Womanist Reporter Investigating Bank / wRib will assist reporters to cover breaking news. Awarded on a revolving basis, by a rotating council, reporters will be awarded stipends to cover and file their stories with feminist and progressive media outlets. Forty percent of awards will go to women of color and grassroots women news gathers. These modest stipends will have a key impact on 1) building a strong pool of feminist news gatherers, 2) adding critical support for women’s media programs, and 3) providing audiences dynamic feminist social justice news.
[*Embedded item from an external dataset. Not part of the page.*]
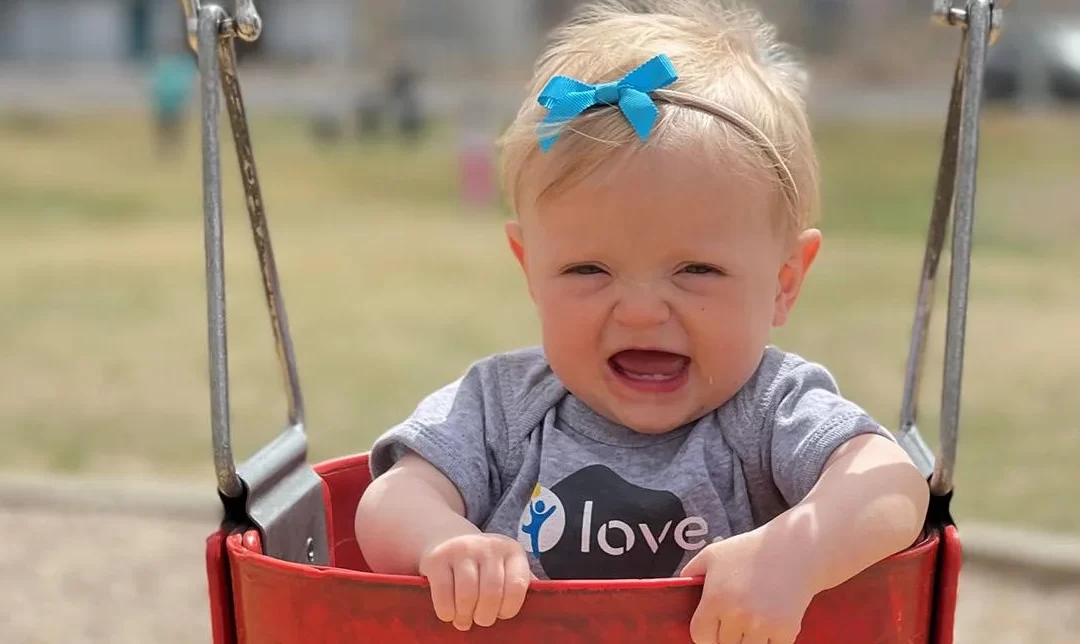 Toddler Ellie sits in a baby swing at the playground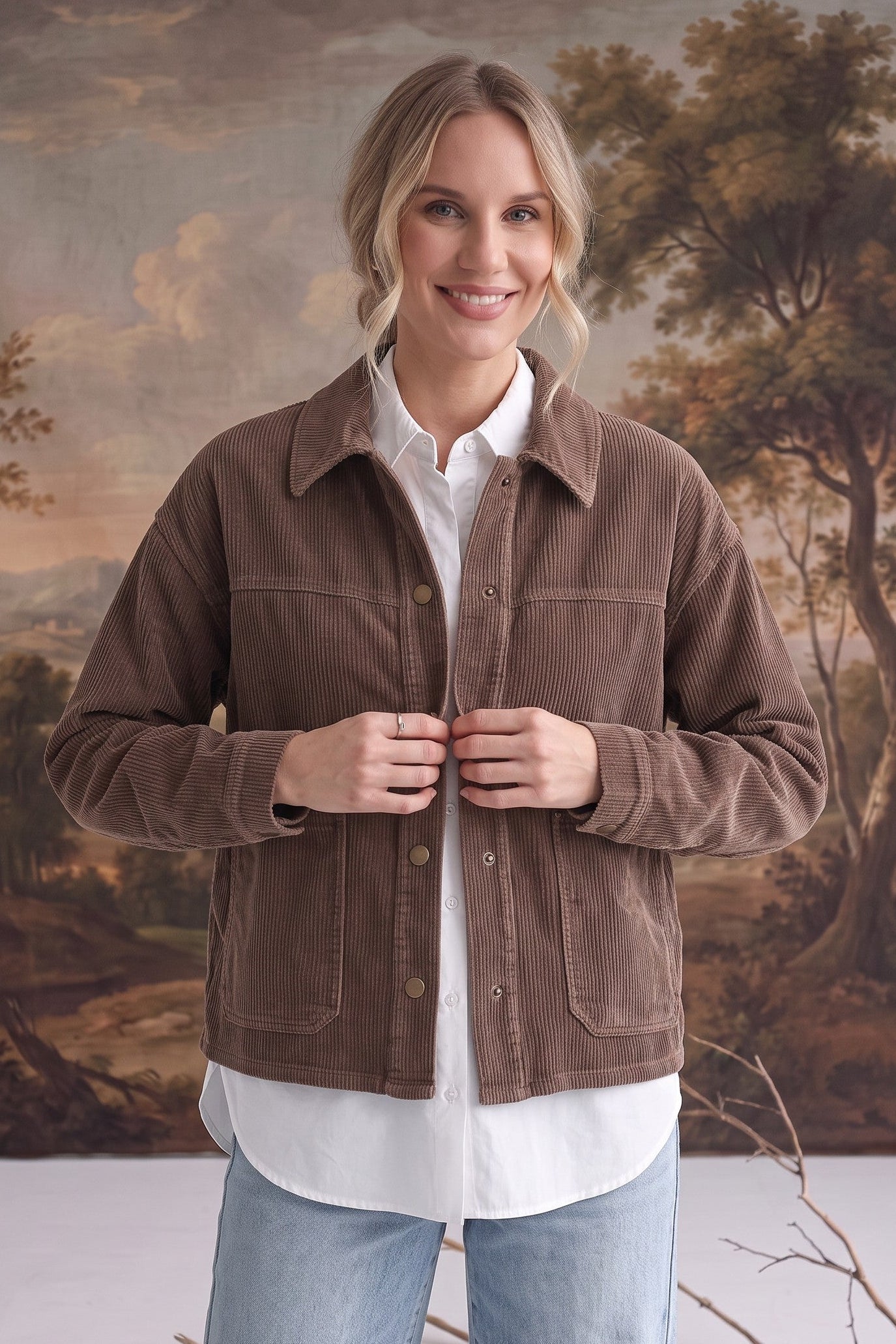 graced The Jess brown corduroy jacket worn by a smiling model over a white shirt and light wash jeans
Policy & Presence, is the other mini grant area. It will fill the glaring hole in women’s media organization representation at media policy sessions and the persistent lack of media policy that expressly reflects women and girls. For example, “women’s media ownership” is fraught with inherent contradictions and demands serious feminist analysis. Mini grants will be awarded to the field that 1) create a series of women-identified media policy papers; and 2) send delegations to officially represent these policy positions at meetings like National Conf on Media Reform, NOW, AAUW, FCC, etc. Policy & Presence grants will increase identity of the field as well as its credibility.  All of this in turn will increase donors.

MEC expects to raise $150,000 on average over the next two years to dispense funds back out to grassroots women centered media.